Input data |
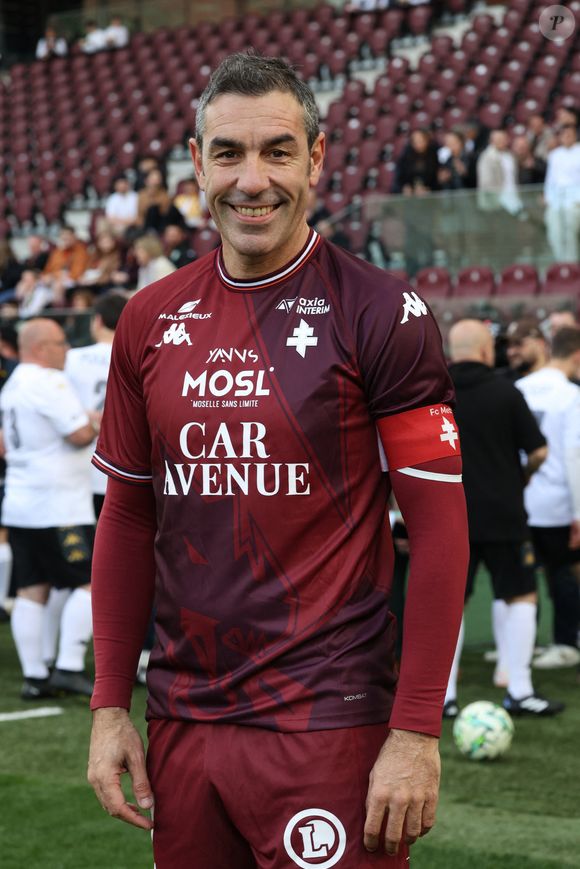 Robert Pirès - À l’occasion de l’accueil de la Cérémonie du Guide MICHELIN France 2025 par Destination Moselle (le Département de la Moselle, l’Eurométropole de Metz et la Région  Grand Est), un match de football exceptionnel a réuni d’anciens joueurs du FC Metz et grands chefs de restaurants étoilés sur la pelouse du stade Saint-Symphorien, à Metz, France, le 30 mars 2025. © Jean-Marc Lhomer/Bestimage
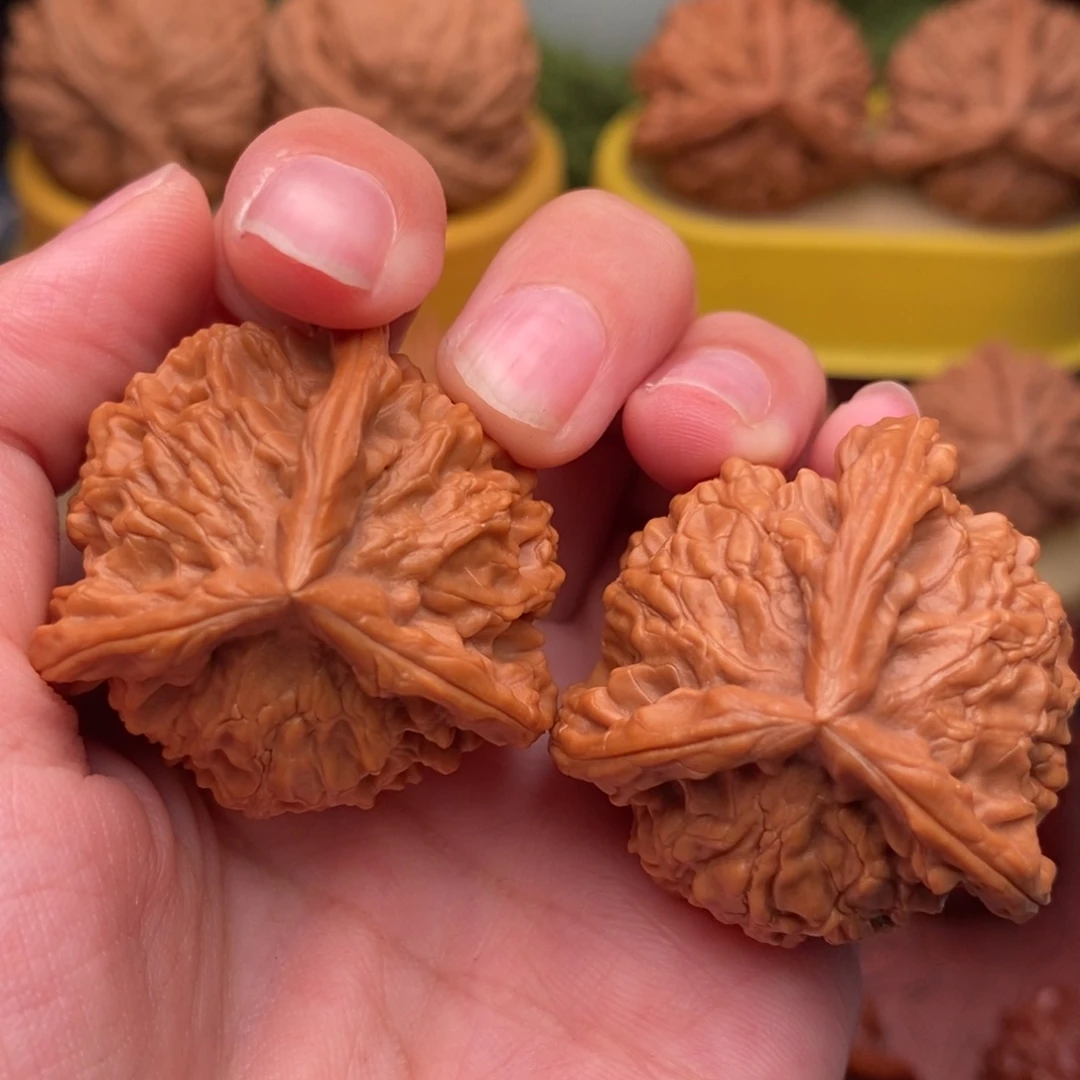 文玩核桃把件盘山奔38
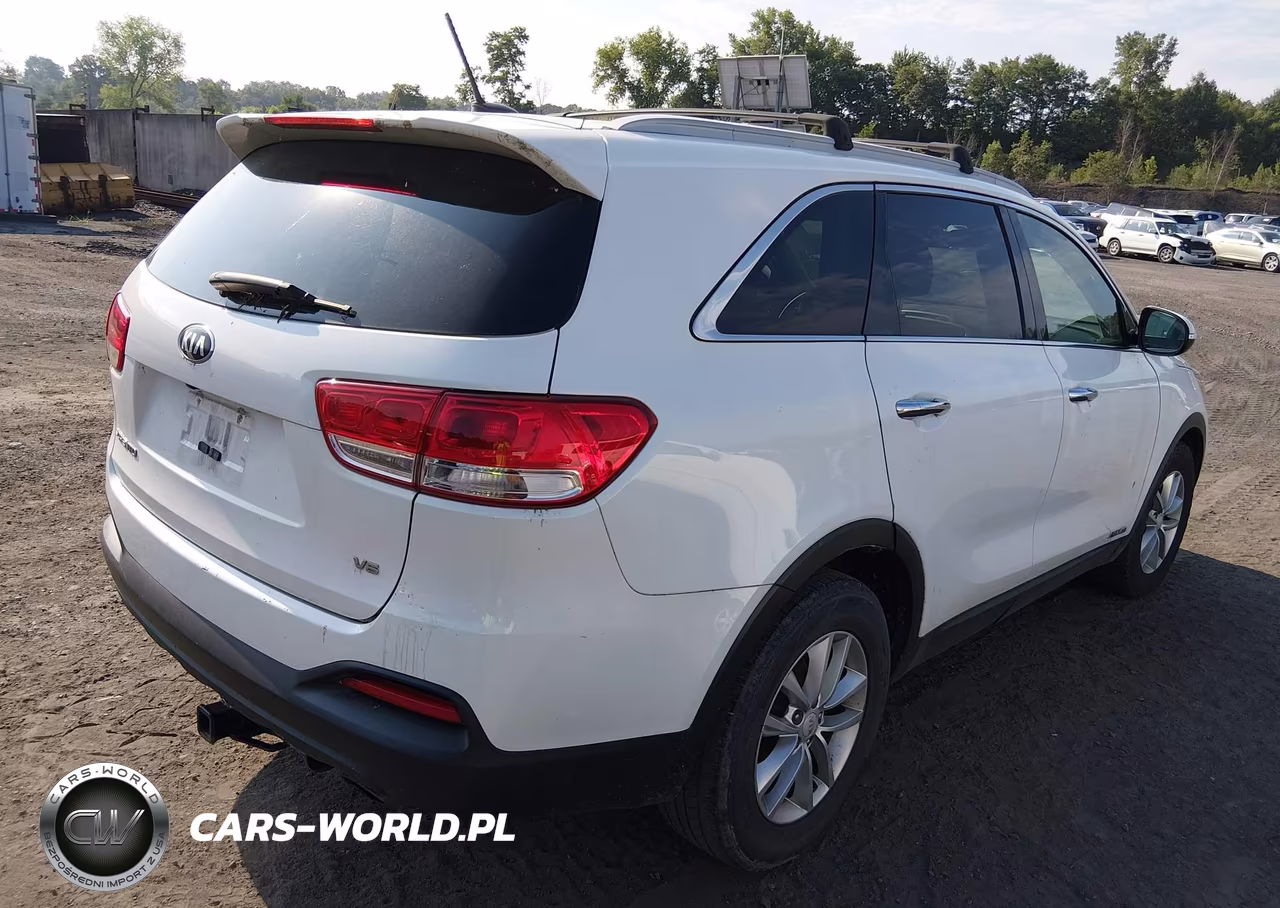 2018 Kia Sorento 3.3L Lx VIN:5XYPGDA55JG393517 - 4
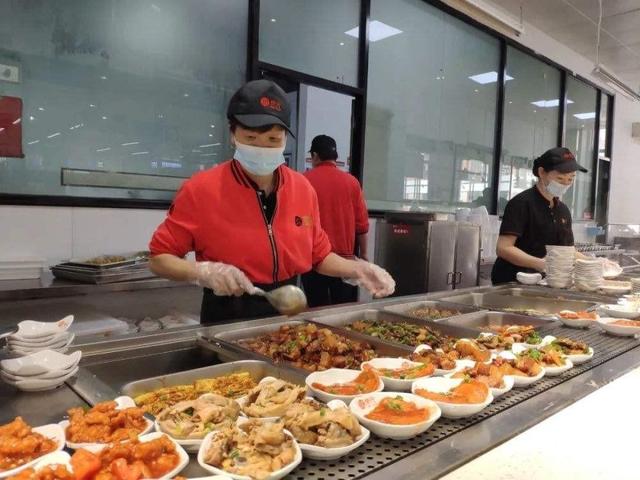 回顾:7人讨要工程欠款到公司食堂吃员工餐,老板称伙食费一人1万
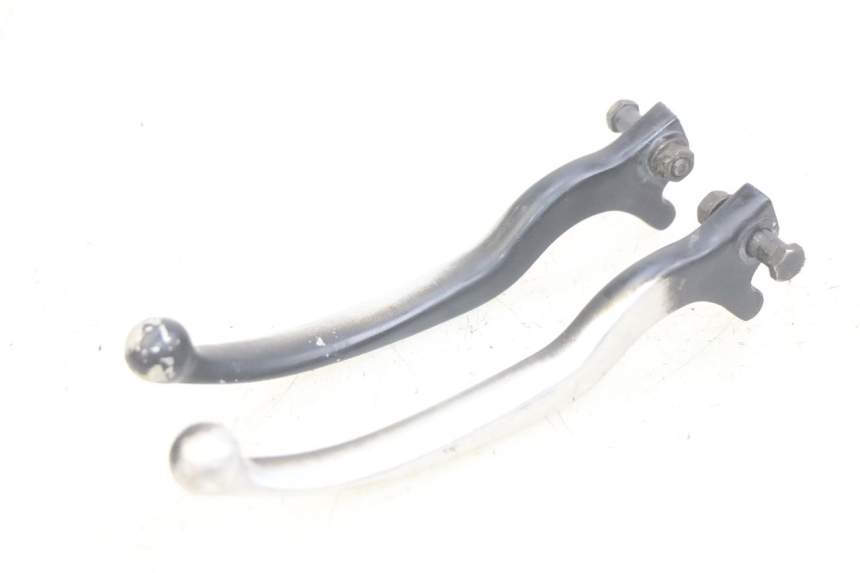 photo de BRAKE LEVER PAIR PIAGGIO X8 125 (2004 - 2007)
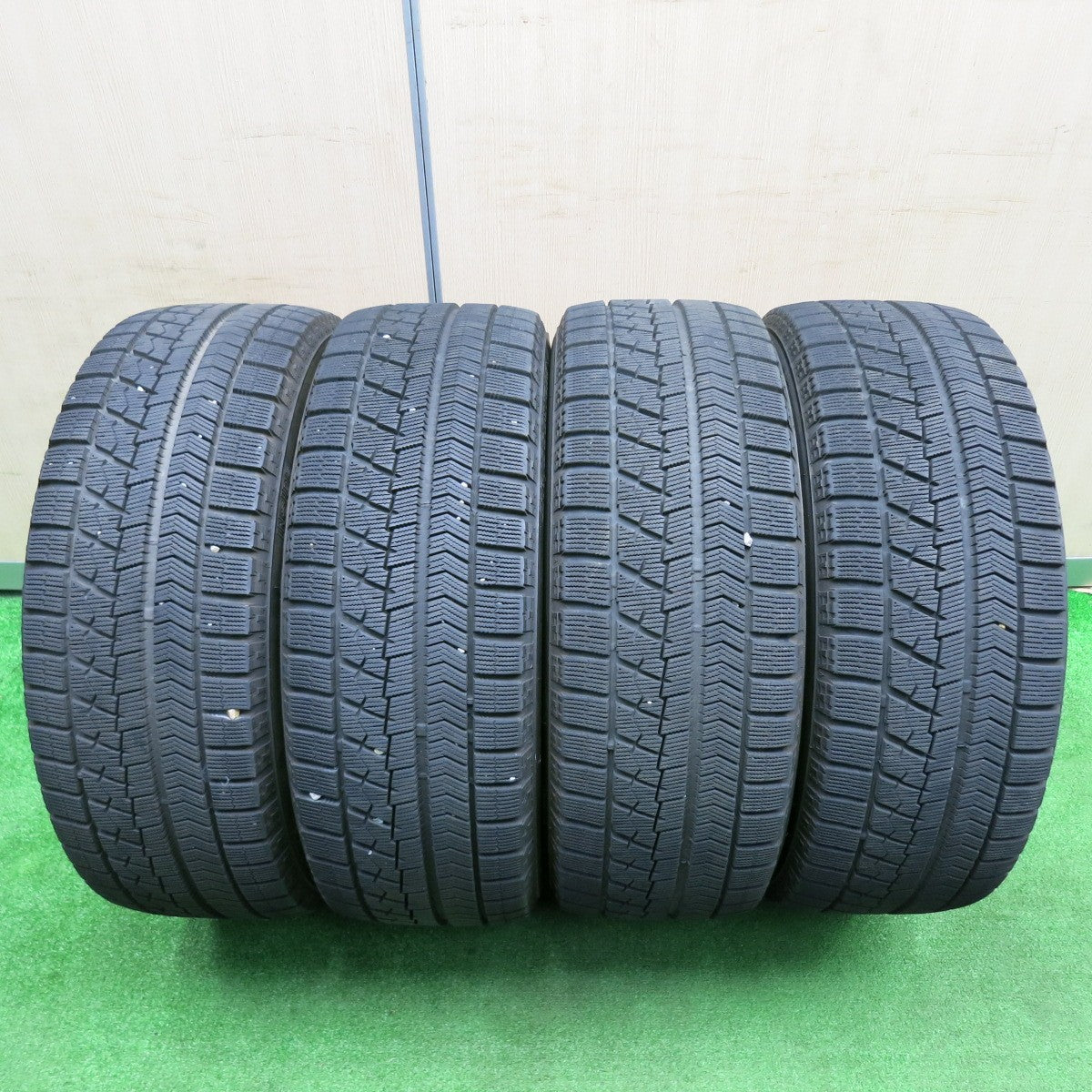 バリ溝！ ブリジストンVRX 215/55R17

What is required | Every entry, word for word, should be given again; the pictures are not part of the copy.

Output below |
 Robert Pirès - À l’occasion de l’accueil de la Cérémonie du Guide MICHELIN France 2025 par Destination Moselle (le Département de la Moselle, l’Eurométropole de Metz et la Région  Grand Est), un match de football exceptionnel a réuni d’anciens joueurs du FC Metz et grands chefs de restaurants étoilés sur la pelouse du stade Saint-Symphorien, à Metz, France, le 30 mars 2025. © Jean-Marc Lhomer/Bestimage
 文玩核桃把件盘山奔38
 2018 Kia Sorento 3.3L Lx VIN:5XYPGDA55JG393517 - 4
 回顾:7人讨要工程欠款到公司食堂吃员工餐,老板称伙食费一人1万
 photo de BRAKE LEVER PAIR PIAGGIO X8 125 (2004 - 2007)
 バリ溝！ ブリジストンVRX 215/55R17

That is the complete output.